Flight paths for the 7km arc and line, followed from left to right. The star indicates the location of the ground station at Smith Falls{Montague Airport. The inner portions represent where the quantum link was active. Photo produced using GPSVisualizer.com, map data c 2016 Google, imagery c 2016 Cnes/Spot Image, DigitalGlobe, Landsat, New York GIS, USDA Farm Service Agency.

Researchers in Canada have taken a significant step towards enabling secure quantum communication via moving satellites, as announced by the Canadian Government in April 2017.

Their study, published today in the new journal Quantum Science and Technology, demonstrates the first quantum key distribution transmissions from a ground transmitter to a quantum payload on a moving aircraft.

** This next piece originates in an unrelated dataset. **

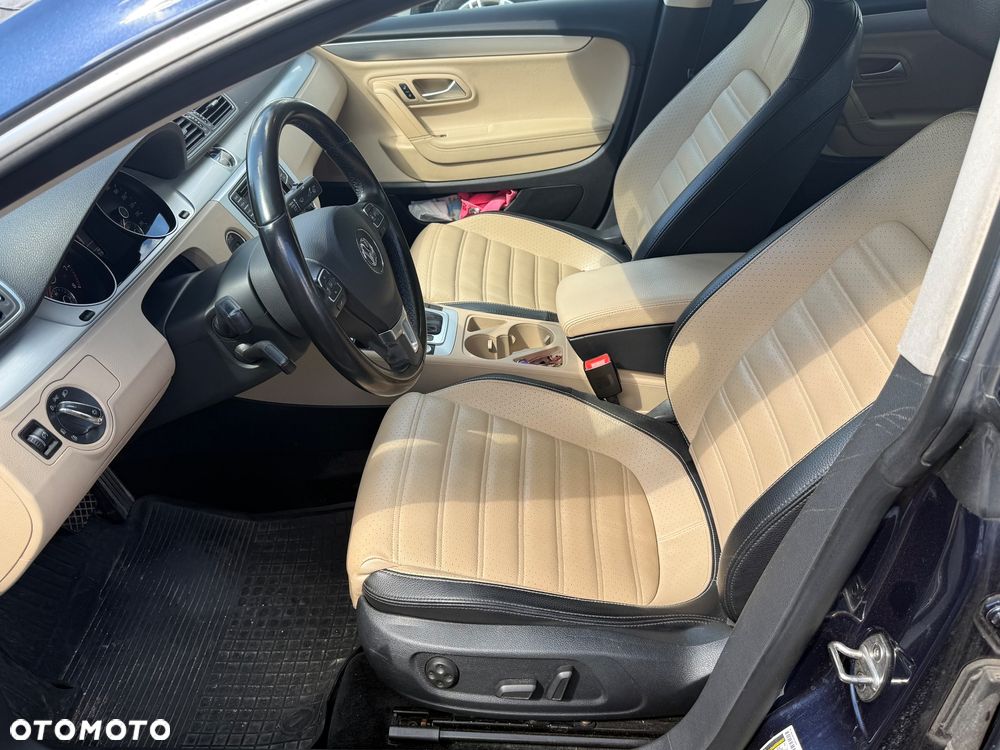 Volkswagen CC - 24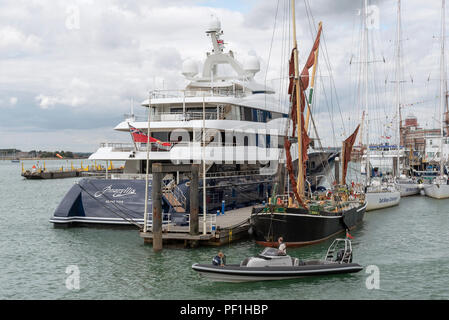 Super Yacht Amaryllis und Alice den Thames Sailing Barge mit einer Rippe auf dem Kai in Gunwharf Quays Marina im Hafen Portmouth, England Großbritannien Stockfoto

To ensure the tests were a valuable proof of concept for the anticipated satellite mission, the team at the Institute for Quantum Computing (IQC) and Department of Physics and Astronomy of University of Waterloo, Ontario, designed their prototype receiver to consist of components compatible with the size and operating environment restrictions of a micro satellite.

Lead author Christopher Pugh, said: “Quantum key distribution (QKD) establishes cryptographic keys between two distant parties in a way that is cryptanalytically unbreakable. Ground based QKD systems use optical fibre links, and are limited to distances of a few hundred kilometres due to absorption losses, which get exponentially worse as the distance increases.”

“Free space links have been shown to work over ground with varying distances, both in stationary and moving tests. But despite losses due to geometric effects scaling quadratically with distance, the addition of atmospheric absorption and turbulence and the need to have clear line of sight mean terrestrial free-space transmissions are also limited to a few hundred kilometres. Satellite based system expand quantum communication to a global scale.”

To test their system, the team used the Twin Otter aircraft of the National Research Council to carry out 14 passes over their ground transmitting station at varying distances, achieving a quantum signal link for seven passes, and a secret key extraction for six of the seven successful passes.

Principle Investigator Professor Thomas Jennewein, said: “This is an extremely important step which took almost eight years of preparation. It finally demonstrates our technology is viable.

“We achieved optical links at similar angular rates to those of low-Earth-orbit satellites, and for some passes of the aircraft over the ground station, links were established within 10 seconds of position data transmission. We saw link times of a few minutes and received quantum bit error rates typically between three and five per cent, generating secure keys up to 868 kb in length.

“We have proved the concept, and our results provide a blueprint for future satellite missions to build upon, just in time for the announcement of a quantum satellite mission by the Canadian Government ,” said Jennewein.